26 de Febrero de 2021 Director Antonio Martín Beaumont

× Home España Medios Tribunales Opinión Estilo Chismógrafo Deportes Tecnología Tvcine Economía Medio Ambiente ESdiario TV Mundo C. Valenciana Vanidad
Muchos animales viven encerrados

¿Has pensado estos días cómo se vive encerrado para siempre?

A canarios, leones, delfines, peces payaso, elefantes, gorilas, y todo tipo de animales, no les encerramos por necesidad, ni viven una situación transitoria, ni excepcional.

| Raquel Aguilar * Edición Valencia

 

Más de mes y medio llevamos ya de confinamiento.

Reconozco que soy una persona afortunada. Además de que en mi familia estamos todos bien, mantengo un buen trabajo, que además puedo seguir realizando a distancia, y en mi casa no me falta comodidad alguna.

Sin embargo, estos días, el estar encerrada habiendo salido sólo para lo imprescindible se me ha hecho muy pesado, como imagino a la inmensa mayoría de personas en este país.

Han ayudado a sobrellevar el confinamiento las infinitas horas frente al ordenador trabajando, el ejercicio, coser, leer, organizar los armarios y todas esas cosas cotidianas a las que estos días hemos dedicado, a la fuerza, más tiempo de lo habitual.

No obstante, lo que más ha ayudado a una persona muy activa como yo a no caer en la desesperación ha sido tener muy clara la necesidad del esfuerzo colectivo para poner freno a los contagios y la certeza de que esta es una situación transitoria y excepcional.

 

Y cuando pienso en estos últimos motivos, no puedo dejar de pensar en las jaulas y los otros animales que encerramos en ellas.

Porque a ellos, canarios, leones, delfines, peces payaso, elefantes, gorilas, y todo tipo de animales, no les encerramos por necesidad, ni viven una situación transitoria, ni excepcional.

No hay ningún motivo ético que justifique lo que les hacemos.

El virus que los mantiene recluidos, sin ningún tipo de compasión, es el egoísmo de los humanos y nuestra falta de empatía.

En muchos casos los secuestramos de su hábitat, separándoles de sus iguales y reemplazando inmensas superficies de sabana o de bosque por un espacio diminuto cercado por barrotes, que a veces son de metal, como ocurre con las jaulas que cuelgan de las paredes de demasiados balcones, o la de los circos que retienen a tigres que desesperados pasan el día dando vueltas en círculo o se tumban mirando al infinito, quién sabe si recordando la última vez que pudieron correr.
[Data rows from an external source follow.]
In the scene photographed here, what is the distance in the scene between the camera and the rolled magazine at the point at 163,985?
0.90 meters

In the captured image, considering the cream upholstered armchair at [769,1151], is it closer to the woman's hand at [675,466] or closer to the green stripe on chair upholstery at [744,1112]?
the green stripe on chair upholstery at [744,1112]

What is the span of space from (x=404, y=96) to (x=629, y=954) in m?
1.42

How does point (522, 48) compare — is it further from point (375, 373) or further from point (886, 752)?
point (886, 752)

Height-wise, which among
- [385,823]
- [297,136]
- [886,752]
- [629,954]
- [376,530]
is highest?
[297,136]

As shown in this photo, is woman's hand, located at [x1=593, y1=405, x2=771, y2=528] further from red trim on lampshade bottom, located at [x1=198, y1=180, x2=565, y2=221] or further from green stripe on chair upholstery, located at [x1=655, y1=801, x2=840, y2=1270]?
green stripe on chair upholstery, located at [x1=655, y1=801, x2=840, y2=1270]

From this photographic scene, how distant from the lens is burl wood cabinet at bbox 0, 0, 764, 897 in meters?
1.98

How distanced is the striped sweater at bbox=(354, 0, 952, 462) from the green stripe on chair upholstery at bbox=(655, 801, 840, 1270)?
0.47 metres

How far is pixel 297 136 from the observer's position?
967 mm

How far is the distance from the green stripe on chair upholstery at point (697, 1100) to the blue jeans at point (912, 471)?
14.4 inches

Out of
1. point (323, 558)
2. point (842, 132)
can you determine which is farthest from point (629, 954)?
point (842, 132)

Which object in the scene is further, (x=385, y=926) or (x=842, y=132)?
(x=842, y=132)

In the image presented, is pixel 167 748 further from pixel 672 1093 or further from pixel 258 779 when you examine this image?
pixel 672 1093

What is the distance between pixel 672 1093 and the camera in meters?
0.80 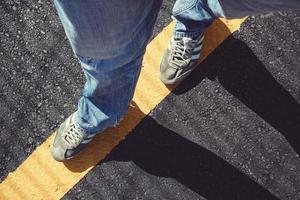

Otras veces las barreras son transparentes, como los cristales de las peceras de los acuarios o los fosos de algunos zoológicos que pronto enseñan a quienes sobreviven en esos minúsculos lugares que hay un mundo exterior del que nunca podrán disfrutar.

 

¿Has pensado alguna vez estos días cómo debe ser vivir encerrado para siempre?

¿Imaginas cómo debe ser estar recluido sin esperanza alguna de que la situación cambie?

¿Cómo te sentirías si cada día fuese un día malo y fuese igual al anterior y supieses que el siguiente va a ser igual?

 

Si a mí, y a tantas otras personas, nos ha supuesto, pese a todo, tanto esfuerzo estar sin apenas salir de casa durante mes y medio, si echo muchísimo de menos poder estar con mi familia y mis amigos, pese a tener videoconferencias todos los días con ellos, no me cuesta pensar el infierno que debe ser estar privado de libertad de por vida. Sobretodo, si no hay motivo para ello.

¿Qué más da si tienes comida y agua y cuatro trastos con que entretenerte si no puedes ser libre y decidir dónde y con quién estar?

 

Esta pandemia debería enseñarnos muchas cosas.

Una de ellas, a tener un poco más de empatía y no dañar a quienes quieren también disfrutar de su vida, y de su libertad.

Así que, por favor, si alguna vez piensas acudir a un zoológico, un acuario o un circo que obliga a animales a vivir prisioneros, recuerda estos días y lo duro que es estar privado de libertad.

Y desde luego, si te has planteado comprar un pez, un pájaro, un ratón o cualquier animal para tener encerrado en casa, por favor, ponte en su lugar y piensa si es justo que para que tú puedas observarlo, escuchar como canta o jugar con él un rato, viva condenado toda su vida.

 

Porque si algo de verdad me gustaría después de toda esta tragedia humana que estamos viviendo , es que hayamos aprendido a ver la vida con otros ojos y respetemos la de todos, también la de los animales.

 

*Coordinadora de PACMA en la provincia de Valencia.